# DATA
● ● ● ● ● ● ●

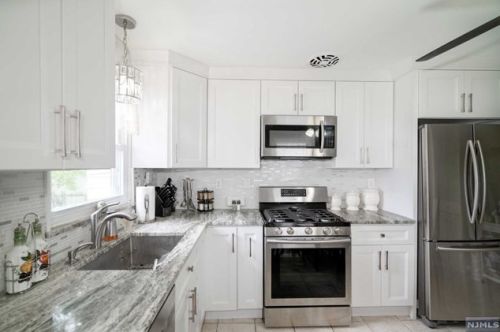 100 Park Ave, Maywood, NJ 07607-2018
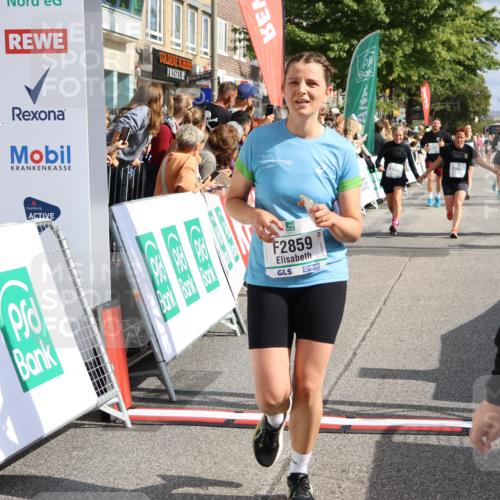 15.09.2024 - PSD Bank Halbmarathon Strokosch-Dieckow http://msf.ph/oto/7092897 15.09.2024 12:16:33 Ziel 2027, 2109, 2244, 2369, 2453, 2859, 3061, 3081, 3082, 3148, 3149, 3165, 3465 meine-sportfotos.de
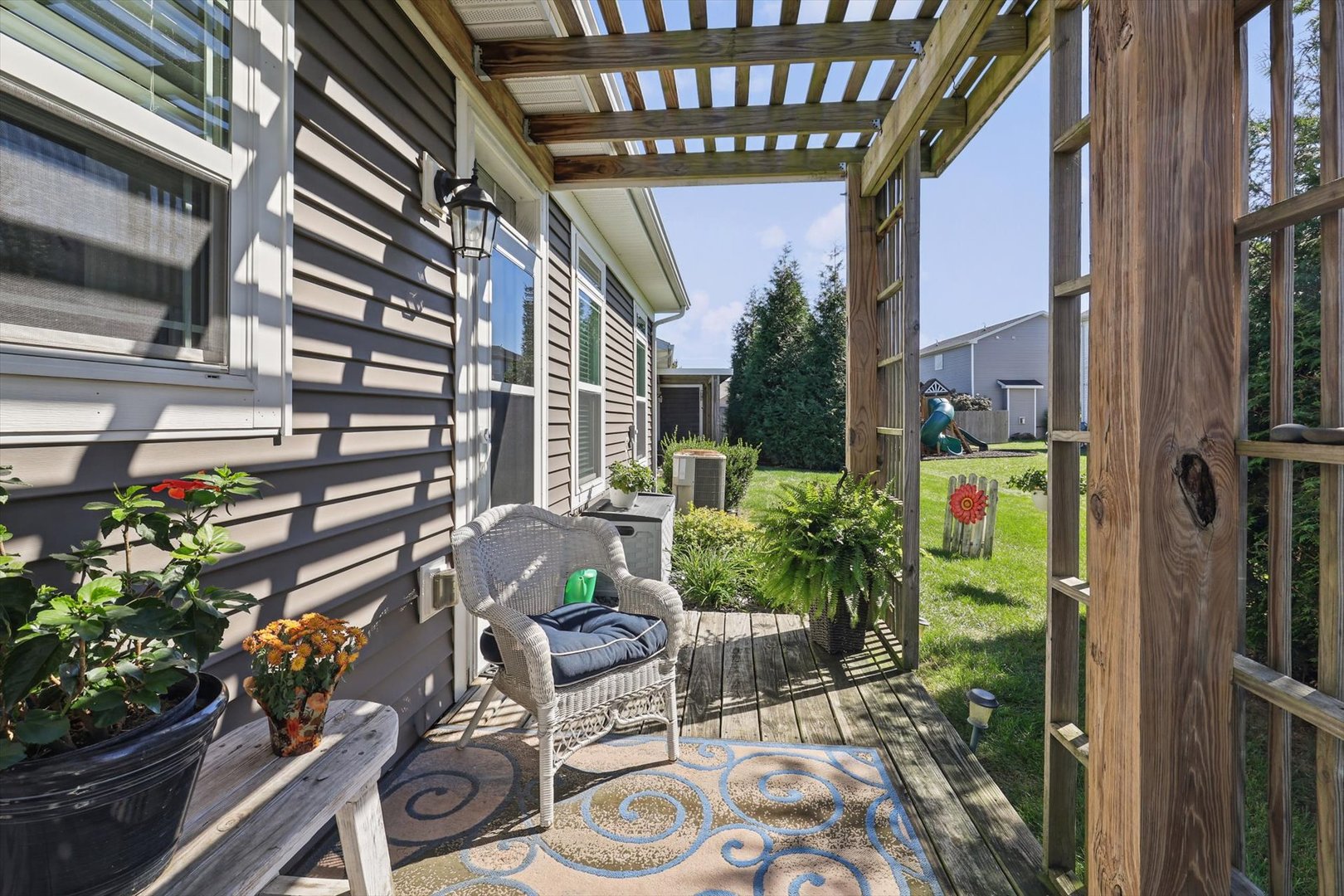 main property photo 45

● ● ● ● ● ● ●

Write out exactly and only the lines that run from the start of the data above through the line containing "15.09.2024 - PSD", leaving the pictures out.

 100 Park Ave, Maywood, NJ 07607-2018
 15.09.2024 - PSD Bank Halbmarathon Strokosch-Dieckow http://msf.ph/oto/7092897 15.09.2024 12:16:33 Ziel 2027, 2109, 2244, 2369, 2453, 2859, 3061, 3081, 3082, 3148, 3149, 3165, 3465 meine-sportfotos.de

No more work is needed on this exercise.